Legislar, legislar y legislar

Autor: 
Agrupación “Manuel Belgrano” de Ingenieros Agrónomos

Para qué sirven las leyes

¿Alguien alguna vez se pregunto para qué sirven las leyes? Desde los principios de la organización de la comunidad de hombres llamadas grupos, tribus, reinos, las leyes son acuerdos o convenciones para vivir juntos.

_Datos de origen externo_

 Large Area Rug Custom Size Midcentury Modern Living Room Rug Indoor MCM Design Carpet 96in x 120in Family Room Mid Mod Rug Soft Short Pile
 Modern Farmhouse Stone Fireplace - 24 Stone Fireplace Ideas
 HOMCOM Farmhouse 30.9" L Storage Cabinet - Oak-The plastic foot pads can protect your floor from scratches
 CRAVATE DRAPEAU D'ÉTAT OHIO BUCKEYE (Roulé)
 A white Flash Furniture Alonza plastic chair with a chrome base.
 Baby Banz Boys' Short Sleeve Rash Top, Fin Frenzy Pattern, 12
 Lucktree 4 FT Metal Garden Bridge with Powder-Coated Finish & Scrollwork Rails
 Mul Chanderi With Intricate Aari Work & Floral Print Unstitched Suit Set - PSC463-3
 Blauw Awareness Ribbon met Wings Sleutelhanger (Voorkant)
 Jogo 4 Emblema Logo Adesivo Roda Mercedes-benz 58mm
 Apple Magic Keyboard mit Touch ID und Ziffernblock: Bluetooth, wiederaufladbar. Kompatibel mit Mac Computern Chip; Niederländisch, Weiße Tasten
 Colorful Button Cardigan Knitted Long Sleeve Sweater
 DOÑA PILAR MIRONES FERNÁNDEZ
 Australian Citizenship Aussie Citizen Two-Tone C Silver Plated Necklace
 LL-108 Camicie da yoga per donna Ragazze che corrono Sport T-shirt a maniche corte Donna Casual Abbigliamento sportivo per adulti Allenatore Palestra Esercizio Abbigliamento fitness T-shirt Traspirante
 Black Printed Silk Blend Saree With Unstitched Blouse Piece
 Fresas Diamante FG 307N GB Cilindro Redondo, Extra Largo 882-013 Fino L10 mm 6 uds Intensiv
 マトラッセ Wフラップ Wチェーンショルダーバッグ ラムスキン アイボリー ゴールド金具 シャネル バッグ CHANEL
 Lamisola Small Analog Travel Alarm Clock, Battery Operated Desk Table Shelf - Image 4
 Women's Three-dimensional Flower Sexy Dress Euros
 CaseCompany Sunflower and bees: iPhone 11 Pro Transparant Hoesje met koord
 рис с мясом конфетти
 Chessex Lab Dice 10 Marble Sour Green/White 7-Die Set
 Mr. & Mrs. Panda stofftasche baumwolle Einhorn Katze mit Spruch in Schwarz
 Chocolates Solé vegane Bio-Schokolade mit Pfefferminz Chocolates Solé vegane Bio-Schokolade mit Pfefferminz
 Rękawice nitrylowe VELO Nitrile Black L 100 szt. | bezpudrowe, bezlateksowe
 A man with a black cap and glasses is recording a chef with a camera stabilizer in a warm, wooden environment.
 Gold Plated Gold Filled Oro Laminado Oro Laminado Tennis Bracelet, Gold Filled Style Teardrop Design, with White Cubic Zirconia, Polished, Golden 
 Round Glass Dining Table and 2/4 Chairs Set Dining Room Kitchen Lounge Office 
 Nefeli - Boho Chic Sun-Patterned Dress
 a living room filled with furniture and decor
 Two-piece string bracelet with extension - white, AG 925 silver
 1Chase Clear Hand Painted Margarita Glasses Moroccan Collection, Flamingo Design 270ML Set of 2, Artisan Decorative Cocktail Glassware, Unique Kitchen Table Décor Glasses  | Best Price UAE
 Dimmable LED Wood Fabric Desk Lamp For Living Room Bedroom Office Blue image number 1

Un argentino ilustre y olvidado, que se llamó Raúl Scalabrini Ortiz, escribió alguna vez “Los Cinco Principios de la Cooperación Interna” (recomendamos su lectura) y decía en el tercero: “Principio de protección al más débil, para que se elimine la ley de la selva y se establezca una verdadera posibilidad de igualdad. Todo lo que no se legisla, se legisla implícitamente a favor del fuerte. La igualdad teórica es una desigualdad práctica a favor del poderoso.”

 

Acerca del sector de las peras y manzanas

En la producción agraria de nuestra patria generalmente se considera que las cuestiones de orden tecnológico son predeterminantes y de ellas todos se ocupan.

Sin embargo y pruebas hay: ¿quién puede dudar que los productores de la pampa húmeda saben hacer soja, maíz o trigo tanto o mejor que en otros lugares del mundo lo hacen? ¿Quién puede dudar que los productores del valle de Río Negro y Neuquén sepan cómo hacer la mejor pera del mundo, no tanto la manzana?

 

Sin embargo a la hora del reparto de los beneficios de ese saber hacer, los modelos de comercialización tornan ineficiente al sistema, lo llevan al uso de prácticas impropias de una economía realmente capitalista y por ultimo lo limitan en sus posibilidades de ser democratizador del ingreso y por lo tanto del buen vivir para todos.

 

Los productores del alto valle tienen razón en decir que su situación es difícil, la costumbre comercial de la región, donde los que siempre ganan son solo los poderosos empacadores exportadores. Los demás integrantes de la cadena, en particular los productores primarios no integrados, pero no solo ellos, fluctúan entre sobrevivir o morir lentamente, por transferencia a los poderosos.

 

Como será la situación de ejercicio de posición dominante de las empresas concentradas, algunas de ellas extranjeras, que cuando la orquesta de Cafi toca, bailamos todos. Hay manifestaciones de los productores, con los argumentos de Cafi, acerca de la influencia del estado en sus negocios y hay manifestaciones de los trabajadores, el verdadero último escalón, que en la práctica terminarán ambos beneficiando a los grandes y poderosos, porque cuando se atrasa una cosecha, los únicos que pueden tener respaldo por quebrantos son ellos: la corporación empacadora exportadora concentrada..

 

Acerca del comercio de productos del campo y las leyes

 

Así las cosas, una verdadera real y eficiente intervención del estado se encuentra en promover y sancionar leyes reguladoras del sistema comercial argentino.

 

Antecedentes argentinos y de otros países hay, antecedentes en la pera y la manzana también. Pero el hecho significativo que esta nota quiere destacar es el siguiente: siguiendo a Scalabrini en la frase referida: si no hay leyes el poderoso hace lo que quiere. ¿Por qué no se sancionan leyes reguladoras del mercado de productos agrarios? Hay dos razones: por un lado la propia sociedad agrícola no las genera, salvo la Federación Agraria, (ahora reciclada junto a la SRA), el discurso hegemónico ha sido: no intervenir. La Federación Agraria sabrá lo que hace y los productores de frutas deberán revisar sus prioridades en su actividad gremial.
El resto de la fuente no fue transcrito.